• [Directions]
Data follows below. Repeat exactly the lines between the line holding "Hallmark Kiddie Car" and the line holding "13304 Bayou Terrace Dr, St Amant, LA 70774", inclusive, and nothing more; drop pictures.

• [Information]
++++++++++++++++++++
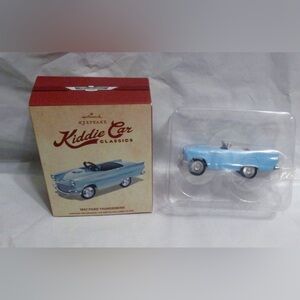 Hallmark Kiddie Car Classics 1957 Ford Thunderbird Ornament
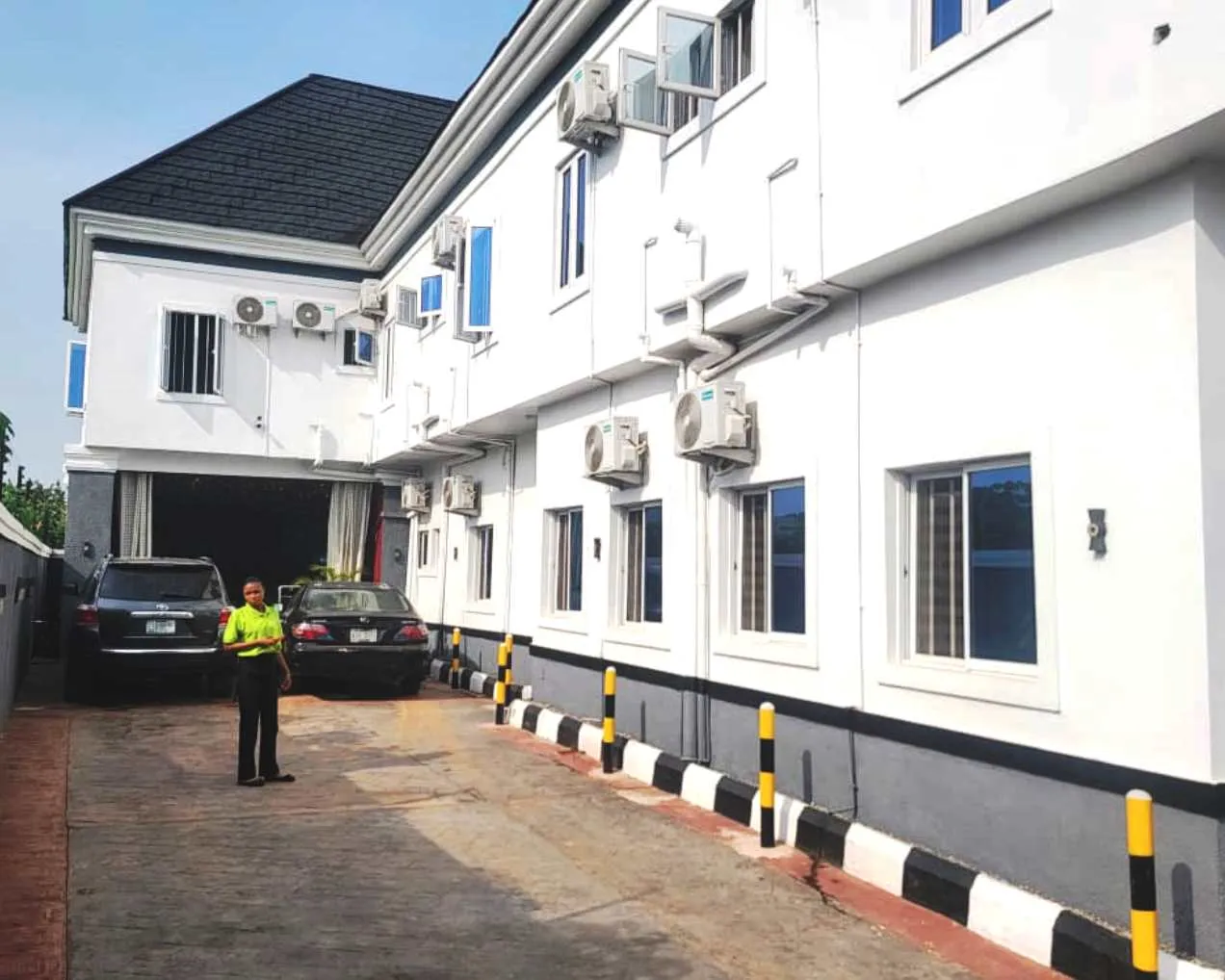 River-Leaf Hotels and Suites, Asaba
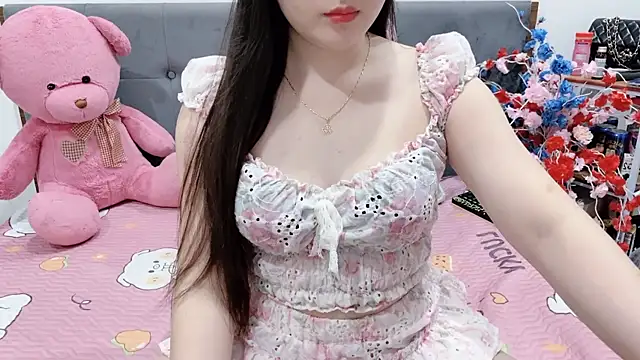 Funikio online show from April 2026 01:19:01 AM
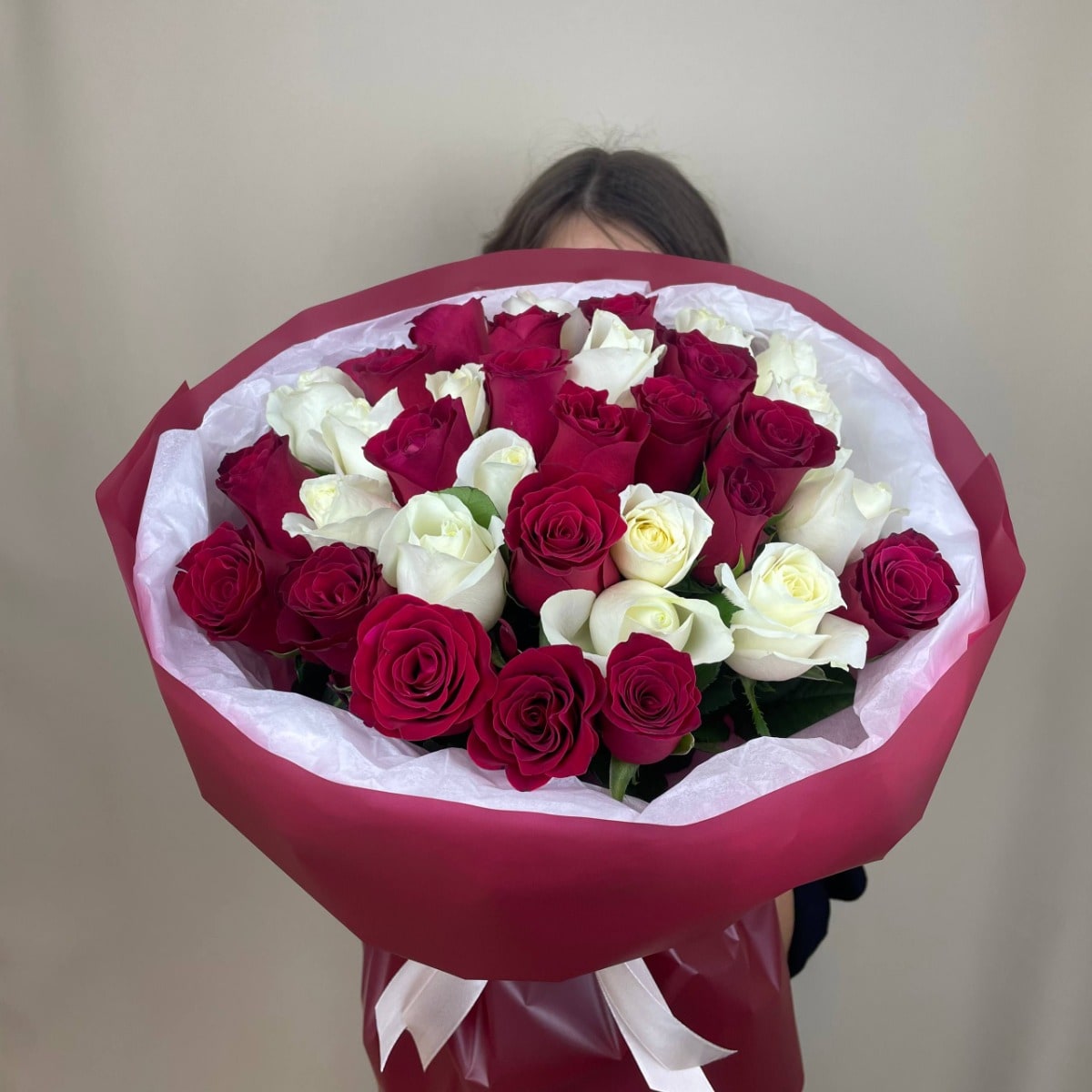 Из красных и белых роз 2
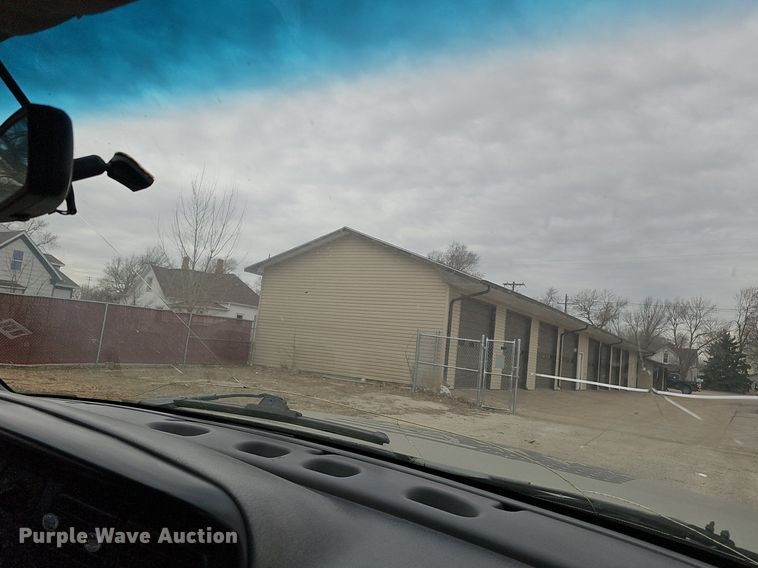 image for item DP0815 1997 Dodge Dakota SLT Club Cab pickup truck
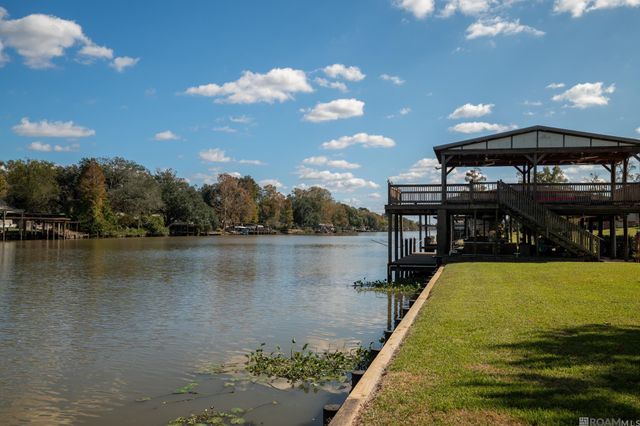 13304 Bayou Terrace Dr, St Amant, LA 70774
++++++++++++++++++++
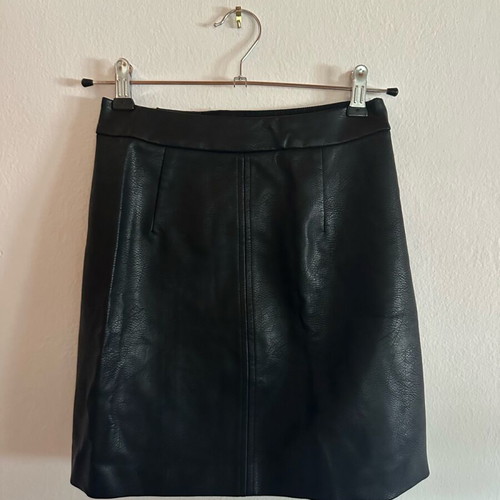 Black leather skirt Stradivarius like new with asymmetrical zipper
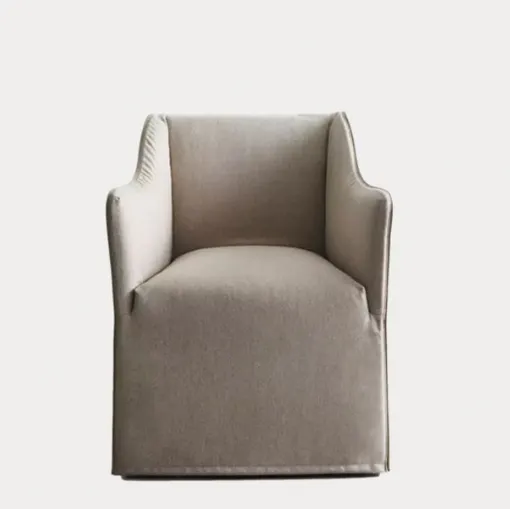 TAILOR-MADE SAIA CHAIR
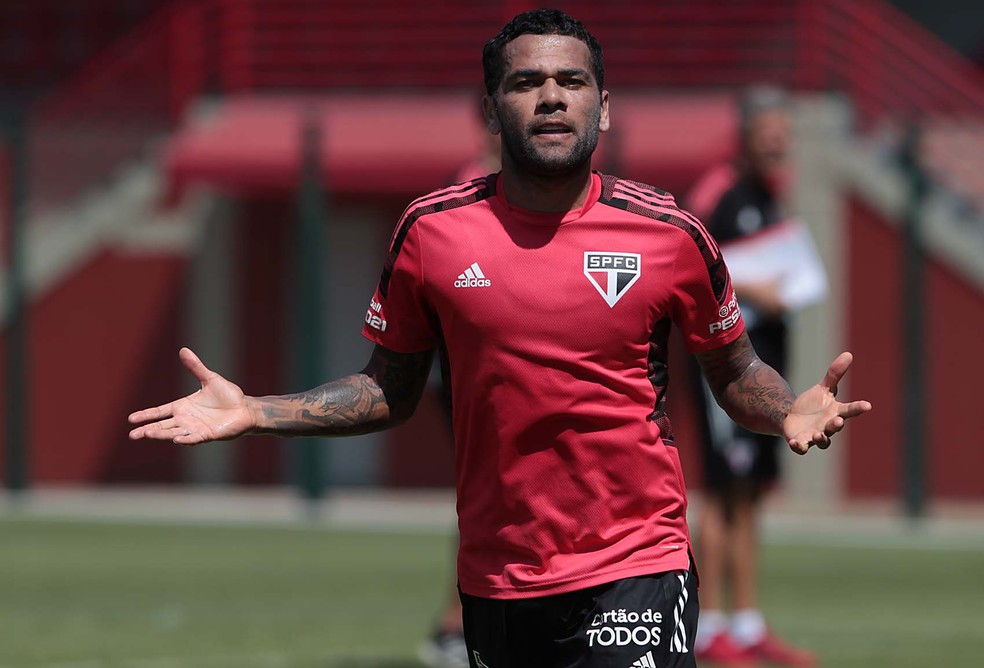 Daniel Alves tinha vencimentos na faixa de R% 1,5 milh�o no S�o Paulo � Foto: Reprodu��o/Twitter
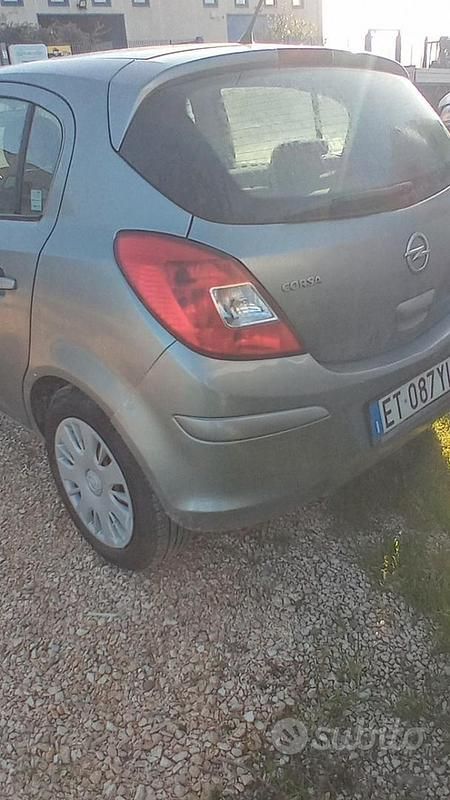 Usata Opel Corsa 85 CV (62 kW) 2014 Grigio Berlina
++++++++++++++++++++
• [Solution to this exercise]
 Hallmark Kiddie Car Classics 1957 Ford Thunderbird Ornament
 River-Leaf Hotels and Suites, Asaba
 Funikio online show from April 2026 01:19:01 AM
 Из красных и белых роз 2
 image for item DP0815 1997 Dodge Dakota SLT Club Cab pickup truck
 13304 Bayou Terrace Dr, St Amant, LA 70774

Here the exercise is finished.